Event Driven Architecture allows for unprecedented levels of decoupling between a system’s major components. Recently I’ve been blogging about the hidden issues that can appear when adopting this model in your application. The most subtle issue envisioned so far involves potential synchronization problems when encountering a catastrophic failure of one of these decoupled components.
The problem directly arises from the decoupled nature of the components. Because they are so decoupled, it’s no longer necessary to shut down the entire application to make backups. Each component can back up its working data on its own unique schedule. This implies catastrophic failures of a single component can cause the component to be out-of-synch with other components. The restored component will not be aware of the messages it should have received and transmitted since its last backup. However, other components assume the failed component has received and transmitted messages since the backup was taken. Thus, the state of the failed component is out-of-synch with respect to the other application components.
For example, consider a shipping component within an ecommerce application. It is responsible for matching customer orders with delivery addresses and is the system of record for tracking shipped orders. The shipping component might depend on receiving messages from the order processing component and similarly, might transmit messages to a logistics component. The logistics component would be responsible for actually shipping the products. Supposing a catastrophic failure of the shipping component were to occur an hour or so after its last backup?

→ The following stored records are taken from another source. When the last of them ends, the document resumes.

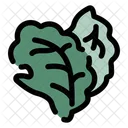 Lechuga Frescura Vegetariano Icono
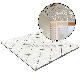 White Glossy PVC Ceiling Tile 595mm X 1190mm X 7m to France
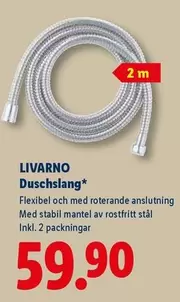 Duschslang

When the shipping component was restored from that backup, it is oblivious of up to an hour’s worth of message traffic, both received and transmitted. The order processing component will assume it has successfully transmitted messages to the shipping component. Similarly, the logistics component will have received and acted upon messages it assumes the shipping component to be aware of sending. Actually, from the complexity of this scenario it is easy to see why circular dependencies between components is to be avoided.
Restoring the order processing or logistics components from their last backup will not resolve the issue, because, as we pointed out originally, each component now enjoys its own specific backup schedule.

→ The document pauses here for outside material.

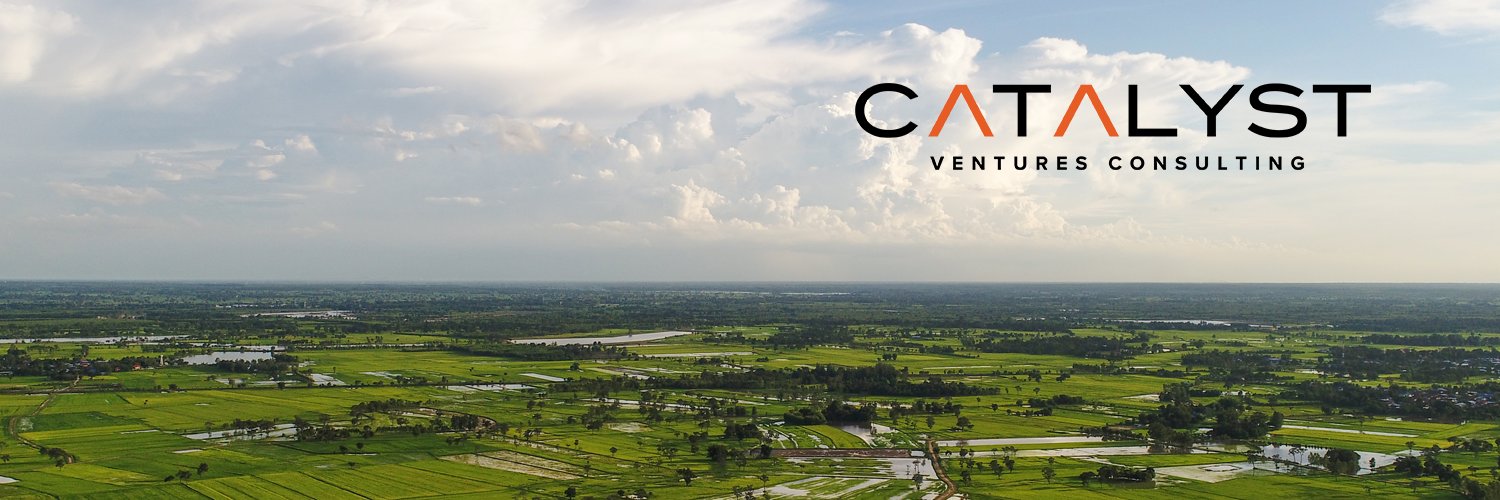 Catalyst Ventures Consulting's banner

What is obvious is that once a component is restarted, some synchronization effort must always be made prior to it resuming normal activity. Tackling the problem can be broken down into two discrete issues.

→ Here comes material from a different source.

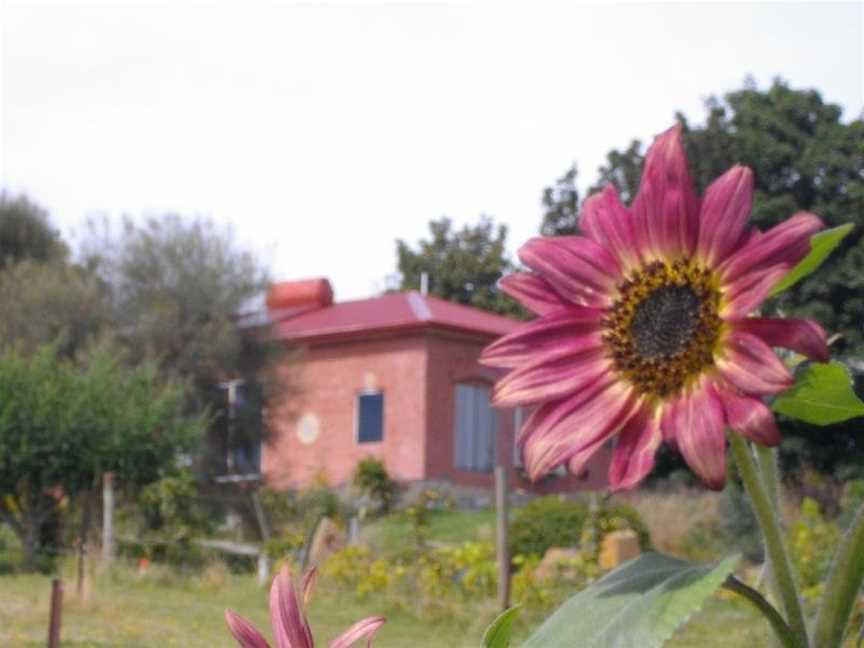 CHERRY TOP ACCOMMODATION, Underwood, TAS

- Synchronizing the restored component with upstream message originators
- Synchronizing the downstream message consumers with the restored component
Each of the problems has several prospective solutions and will be discussed in their own individual blog entries. Of the two issues, the former appears the easier to resolve. Please note an implementation based on Event Sourcing would be immune to these kinds of synchronization issues, however a different class of issues related to recovering from catastrophic failures can ensue.